Exercise aim → Please copy, exactly as written, the span from the first line below to the line that contains "Kia K7 2019", including both, and skip the pictures.

Supplied entries →

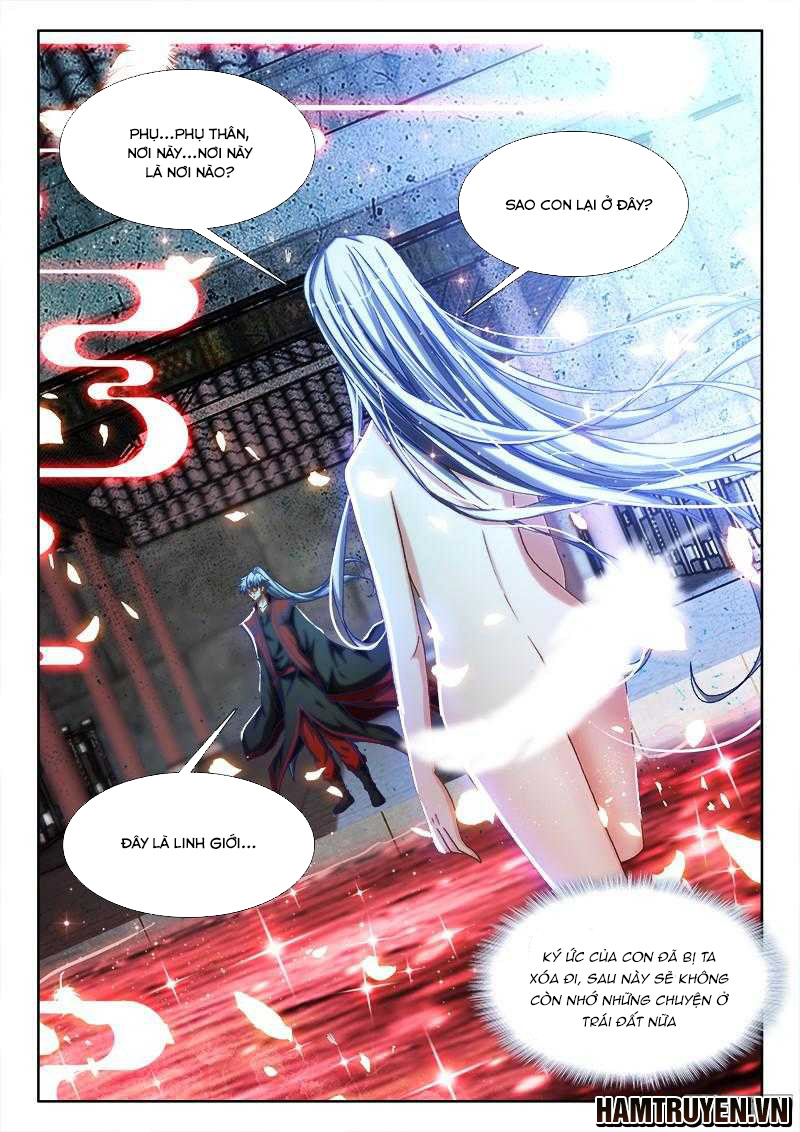 Song Tu Đạo Lữ Của Tôi Chapter 263 - Trang 2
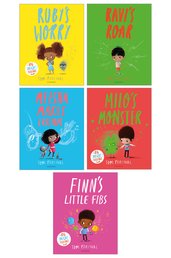 Tom Percival's Big Bright Ideas 5 Book Set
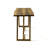 Adita 149 Cm Solid Oak Dining Table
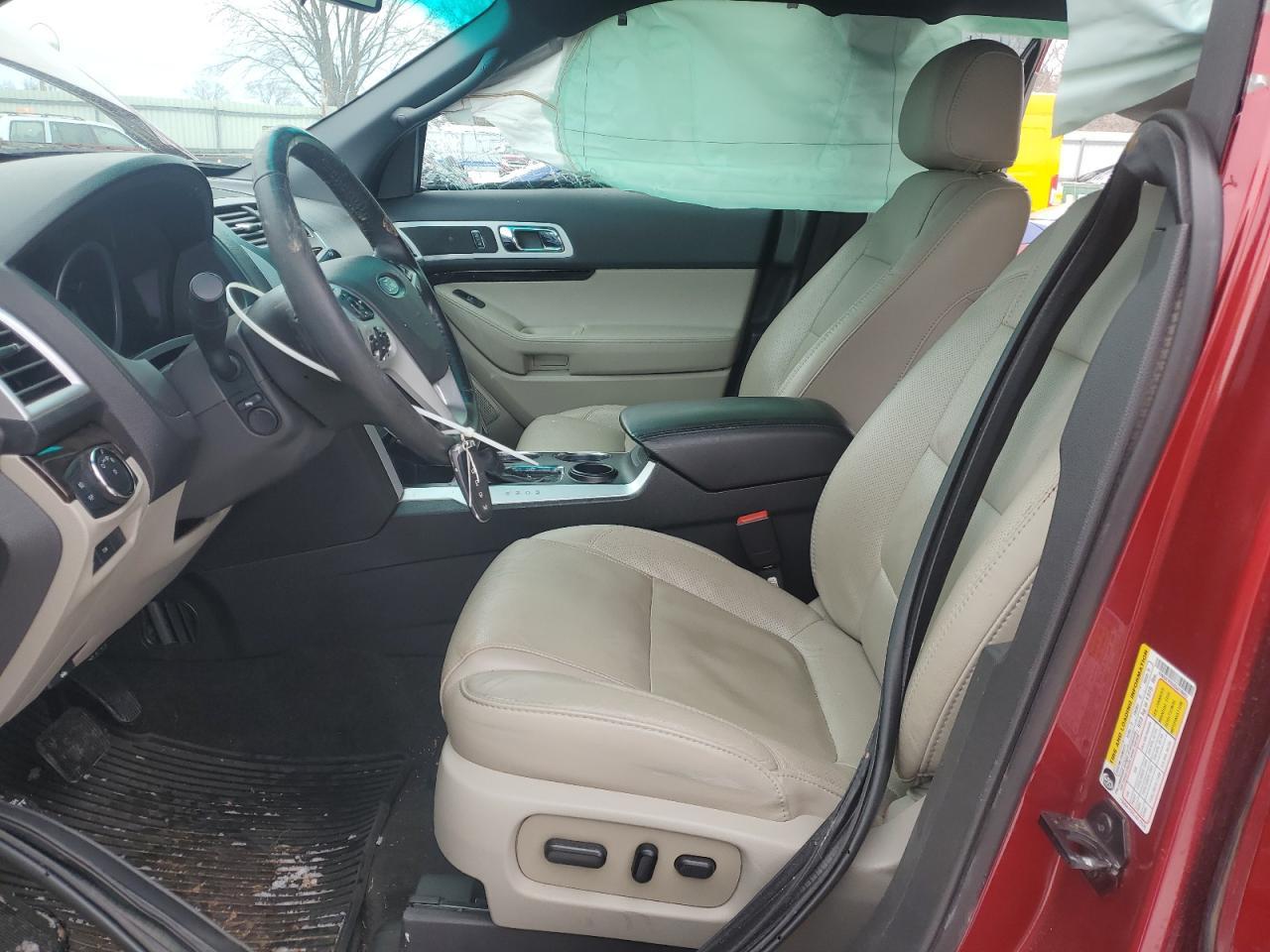 2014 FORD EXPLORER L - Image 7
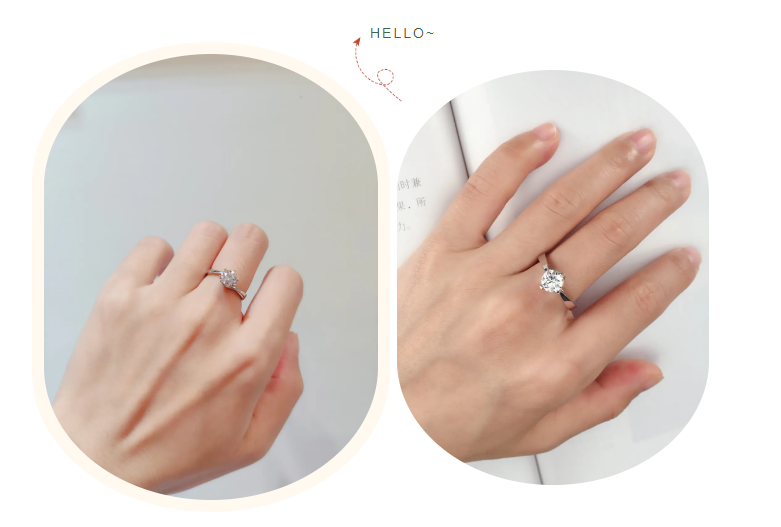 谛珂珠宝钻戒定制 万千少女票选喜欢的6款戒托设计风格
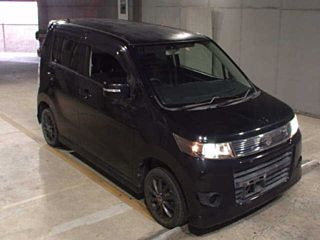 Suzuki Wagon 2012
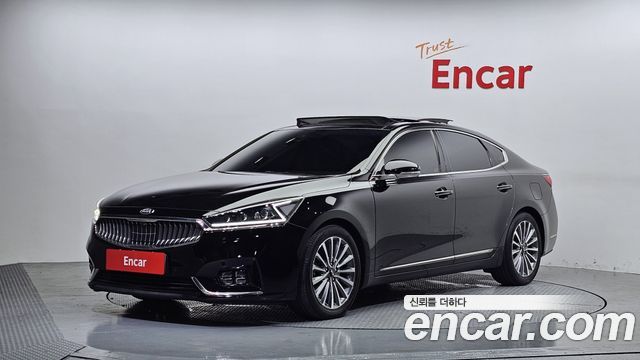 Kia K7 2019
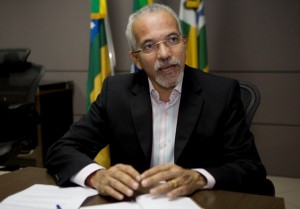 Ex-prefeito Edvaldo Nogueira, (Foto de arquivo: Silvio Rocha)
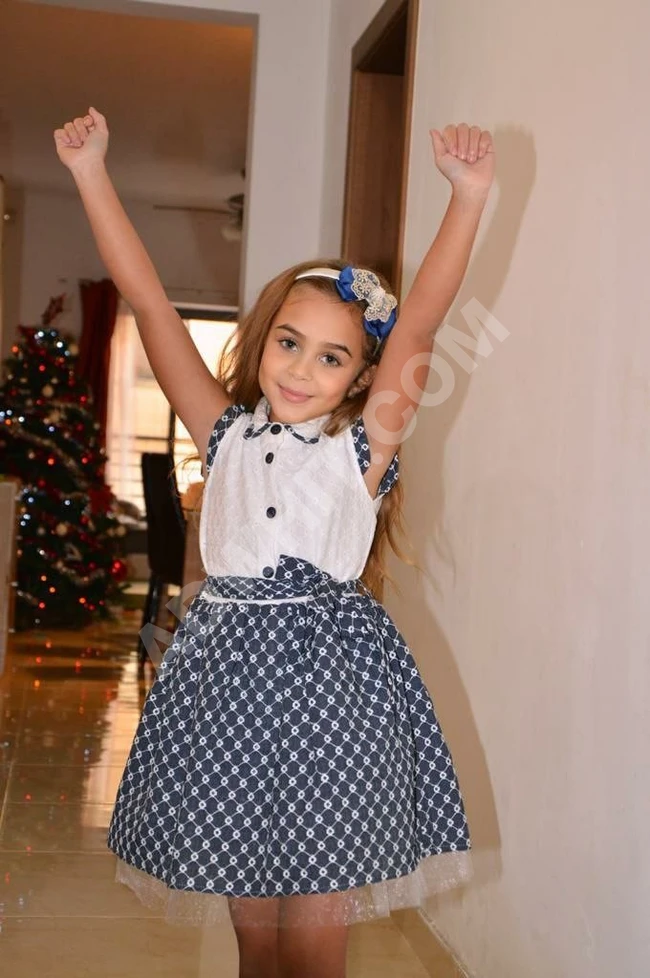 فستان بناتي 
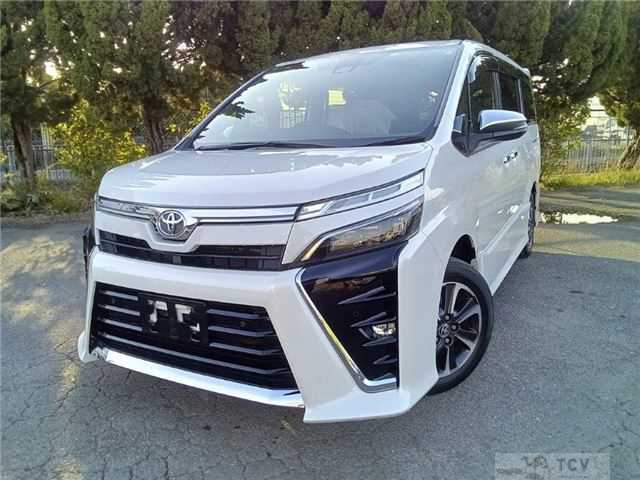 2021 Toyota Voxy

Completed exercise →
 Song Tu Đạo Lữ Của Tôi Chapter 263 - Trang 2
 Tom Percival's Big Bright Ideas 5 Book Set
 Adita 149 Cm Solid Oak Dining Table
 2014 FORD EXPLORER L - Image 7
 谛珂珠宝钻戒定制 万千少女票选喜欢的6款戒托设计风格
 Suzuki Wagon 2012
 Kia K7 2019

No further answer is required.